I kind of think that the likelihood of it just makes sense. Evolutionists claim that life came into being as a result of a high-energy reducing atmosphere and evolved from there. The basic building blocks are out these elsewhere. Now, certainly, scientists admit that having the appropriate conditions for life to evolve would not guarantee that it would evolve. Still, the universe is big. As Douglas Adams notes, it "is big. Really big. You just won't believe how vastly, hugely, mindbogglingly big it is." So, it stands to reason that somewhere else, life evolved, if it evolved here.
But I know that many of my readers don't believe that life did evolve here. That's fine. I've read enough creationist writing to be rather unconvinced myself. There are a couple different "intelligent design" theories as to how life came into being. The Abrahamic religions talk about a particular time when, to quote a Hebrew source "God created the Heavens and the Earth." Then God created life on the earth, but not just on the earth. Oh no, he also filled Heaven with all kinds of weird creatures we learn about later. So, God filled earth and heaven with funky animals and then created a whole universe he just left unpopulated? None of the sacred texts of these religions make those claims and it doesn't seem in character for the guy who put life everywhere else.
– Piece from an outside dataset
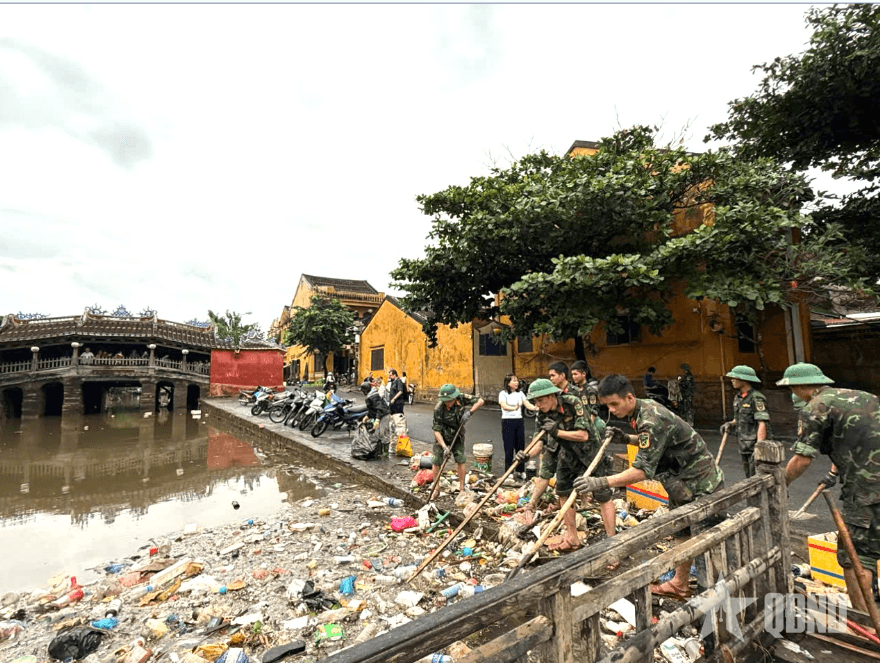"Chiến binh" làm sạch phố cổ Hội An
Then there's Hindu/Buddhist belief that the universe is really just a dream. For Buddhists its a collective dream. For Hindus it's the dream of a particular god, Brahma. In this case, there would be extraterrestrial life because, well who dreams about nothing going on? Dreams are dreams about life.
Then there's one of my favorite "intelligent design" theories, that we were put here by aliens. I like this one not because I subscribe to it, but because so many people who laugh at the notion of divinity and mock believers in the supernatural are totally on board with this. Anyway, if one subscribes to this belief, there obviously are aliens.
But I don't think we'll ever meet them.
A NASA scientist just proposed a theoretical model for a Star Trek like Warp Drive. Apparently, the thing could allow travel at up to 10 times the speed of light relative to our space-time, without violating the laws of physics. That's a pretty sweet story to geeks like me. That puts space flight to a place like Alpha Centauri only about 6 months from take-off. That's a whole other solar system. Still, it is a star quite different from our Sun and unless life is really pretty ubiquitous, it's doubtful we'd find life there.
The closest star that is like our sun that scientists have discovered is called 18 Scorpii. It is about 45 light years away. So, if we could get this machine going, it would take us 4 years there and 4 years back to find out that most of the planets there are like most of the planets here: lifeless. And while there are probably billions of potential planets in the universe, the universe is big. Just our galaxy, with all the stars that you see at night, is 100,000 light years across. Moving the decimal one place to the right isn't going to make much of a difference when we're talking about those distances. So the chances of two planets which both have life ever finding each other are pretty slim.
That's just something I thought about today.